Ellos encontraron una comunidad realmente existente, en donde la fe era viva y en donde el ejemplo dado por los mártires de los años anteriores era un estímulo de perseverancia en la fe. Los cristianos se sintieron muy alentados por las virtudes de los misioneros que por fin tenían entre ellos. Su ejemplo de pobreza, humildad, dedicación y entrega los animó muchísimo, y aceptaron de buena gana las nuevas estructuras que le dieron a la comunidad, una comunidad que hay que llamarla bien unida y compacta, y que dio numerosas pruebas de estrecha solidaridad mutua. Con clara conciencia de qué era lo principal, ya en 1837 enviaron a tres candidatos al sacerdocio a Macao para su formación, completamente seguros de que el futuro de la Iglesia coreana pasaba por la pronta formación de un clero nativo. Uno de estos tres jóvenes será San Andrés Kim, el que encabeza en la canonización la lista de los mártires.

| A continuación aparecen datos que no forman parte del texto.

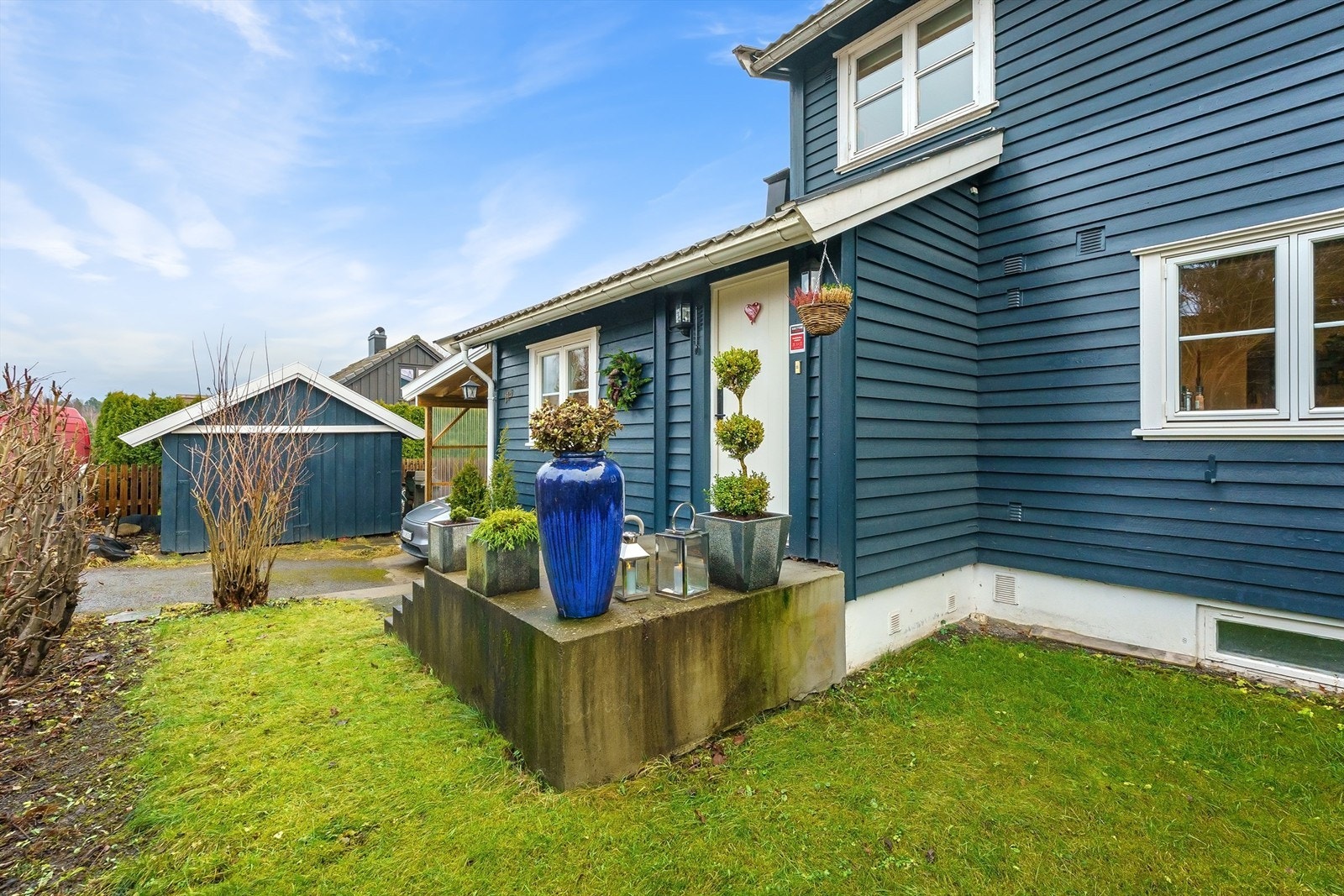 Boligen har en sentral og attraktiv beliggenhet med gangavstand til det meste. Galleribilde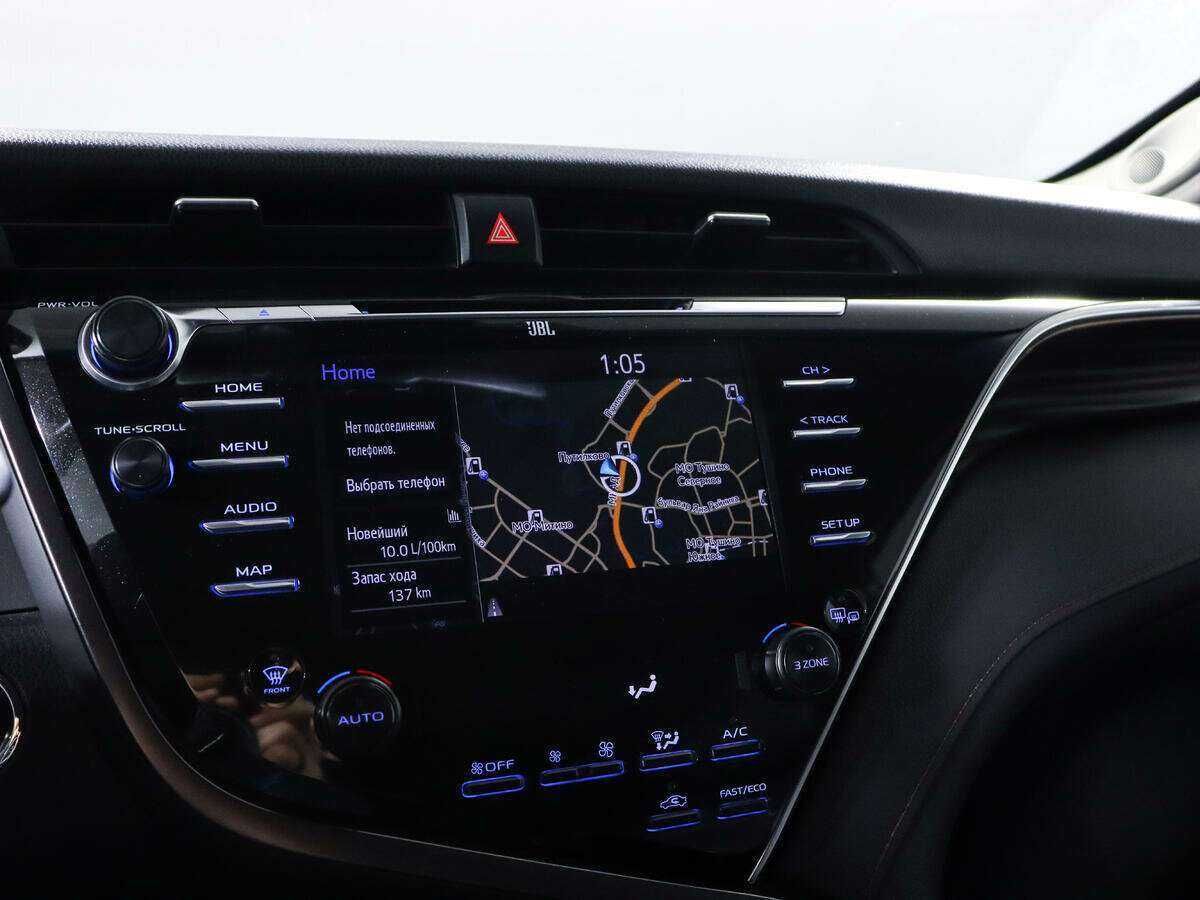 Toyota Camry с пробегом — 2018 год. Фото: #15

Los cristianos de Corea pertenecían a todas las clases sociales, incluyendo las altas y las más bajas, personas de la ciudad y personas del campo. Ya había vírgenes consagradas, aunque naturalmente no había conventos, y había eficientes catequistas. Se ayudaban los cristianos entre sí y se protegieron mutuamente en la persecución. Acogían con amor a los misioneros y los llevaban de una casa a otra para protegerlos, y corrían con generosidad los riesgos que ello comportaba. La caridad con los cristianos necesitados recordaba la comunión de bienes de la Iglesia primitiva.

La gran persecución

En esta comunidad comenzará a cebarse la nueva persecución que tuvo lugar en el corazón del siglo XIX y a la que pertenecen los santos que Juan Pablo II canonizó en Seúl el 6 de mayo de 1984, siendo el primero de ellos de 1838 y el último de 1867, treinta años de prueba que la comunidad católica soportó con entereza y con entrega plena a la voluntad de Dios. Bien ha merecido esta comunidad cristiana que la Santa Sede reconozca su epopeya martirial con la canonización simultánea de esos 103 mártires que habían sido beatificados en varias cerernonias sucesivas, no conjuntamente. Entre ellos, pues, no están los del siglo XVIII ni los de la persecución de 1801 y siguientes, cuyo estudio está pendiente todavía.

José Luis Repetto Betes

Texto tomado de: Martínez Puche, José A. (director),
Colección Nuevo Año Cristiano de EDIBESA.